イチローや松井秀喜、落合博満をはじめとした数々の大打者たちのバットを手掛け、センチはおろかミリ単位、いやそれ以下の世界での微調整やバットの違いについて表現してきたところである。
「弘法筆を選ばず」ということわざがある。「プロ」の世界、どんな環境においても結果を出すことが求められるわけだが、ただ本当のプロなら「筆」に対するこだわりは素人が考える以上のものがあるだろう。ほんの数ミリ、あるいはミクロンの単位かもしれないが、触っただけでもその違いがわかるとか、同じようにスイングしても当たりが微妙に違うとか。弘法大師になろうと思えば「筆」にはこだわりを持って選ばなければならないというのが、このことわざの裏にある本当の意味だと思う。

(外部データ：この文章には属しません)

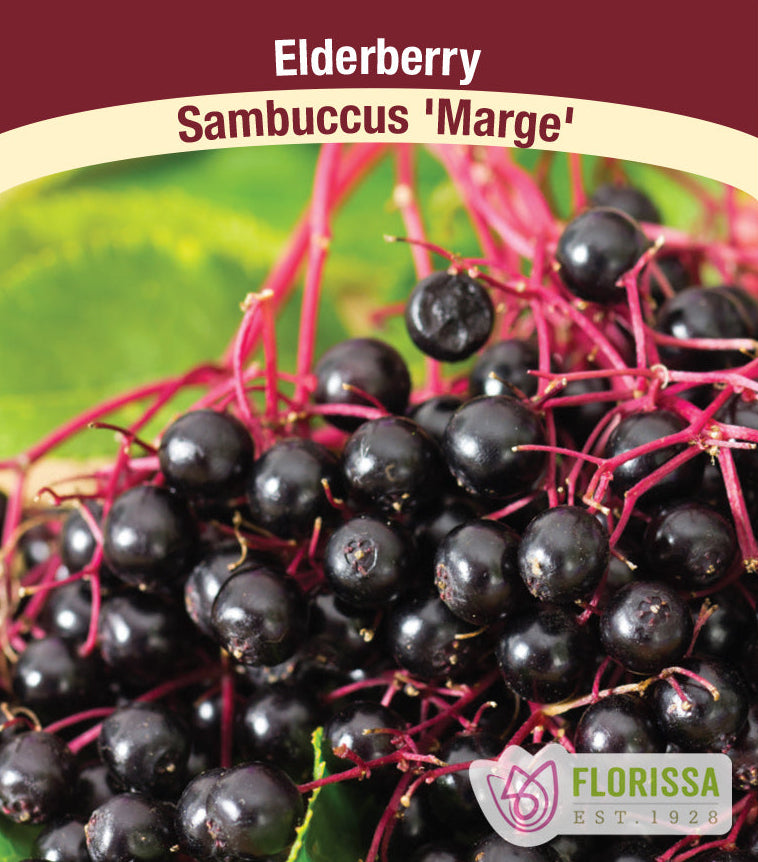 Elderberry - Marge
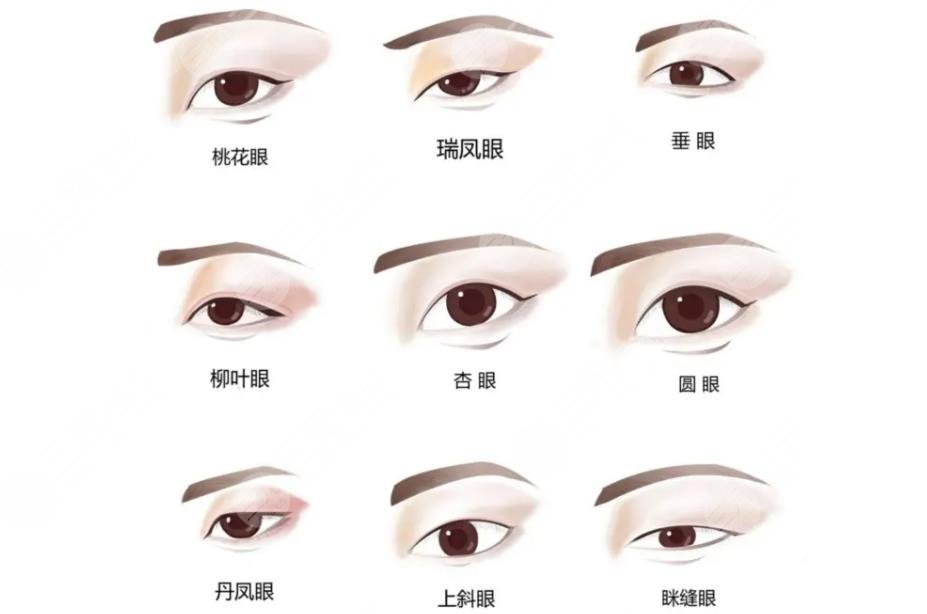 丹凤眼和狐狸眼哪种更好看?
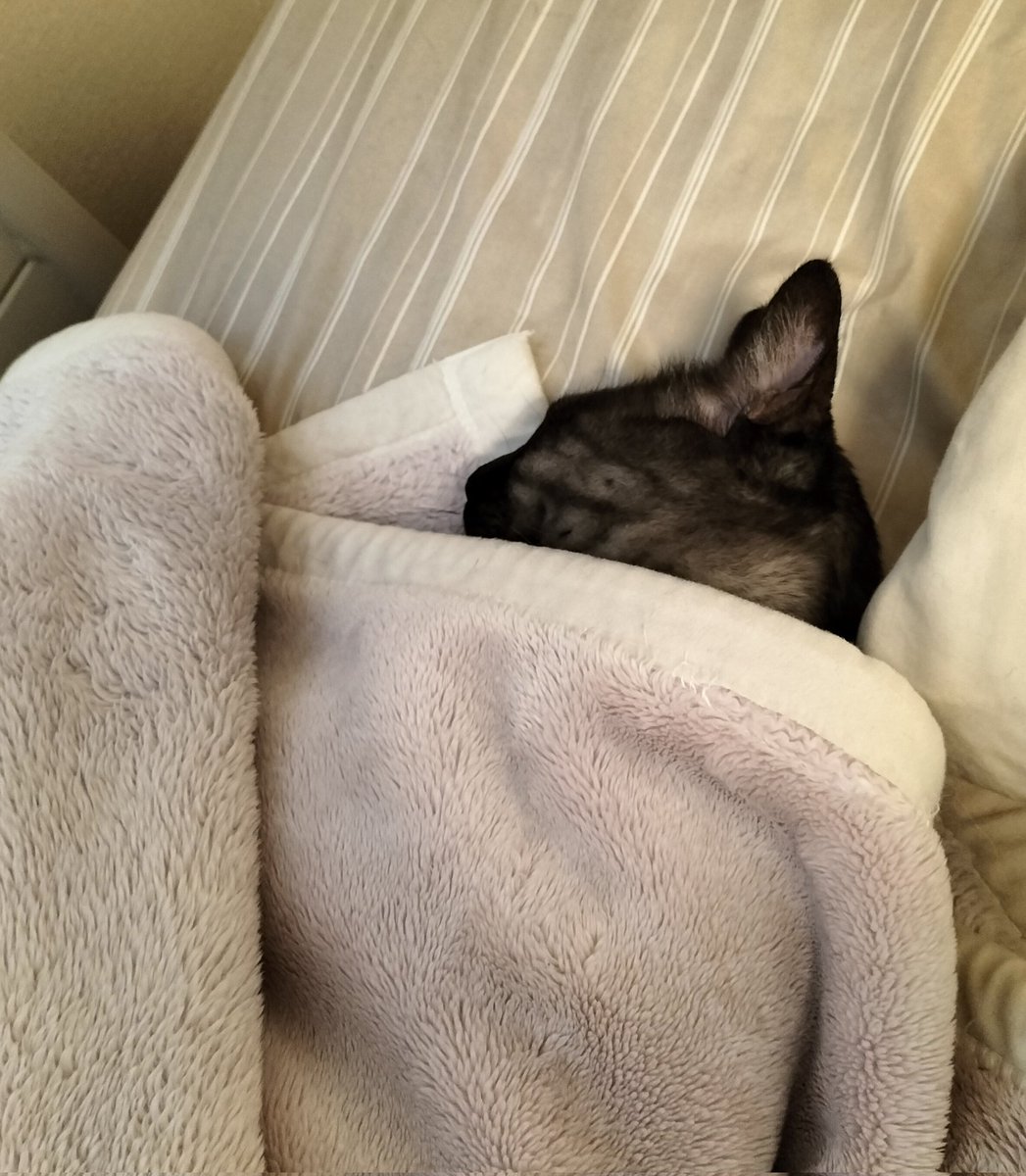 この毛布の乱れ具合といいくるまり具合といい夫そっくりでウケた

・・・そんな中、このたび明らかになった「今季のNPBの統一球は、規格を超えた飛ぶボールである」ということ。別に飛ぶボールがいけないというのではなく、なぜ昨年あれだけ問題となったことが、何ら解決できていないこととして再び広がったのかということである。
統一球は、奇しくも先のバット職人と同じく、某M社の製造によるものである。何を思ってこういうものを製造したのか。これではバット職人のこれまでの功績ですら否定されるのではないかと思うのである。昨年と今年でボールの出来が異なるというのもわけがわからないし、周りを取り巻く環境で変わったことと言えばせいぜい消費税が上がったくらいである。増税の影響で材料をケチったのか?そうではあるまい。まさかバット職人が引退を決意したのも、M社で何かあったからか?とも勘ぐってしまうのである。
・・・今季オリックスが調子いいのはこの「統一球」のお蔭だ・・・とだけは言われたくないな・・・・。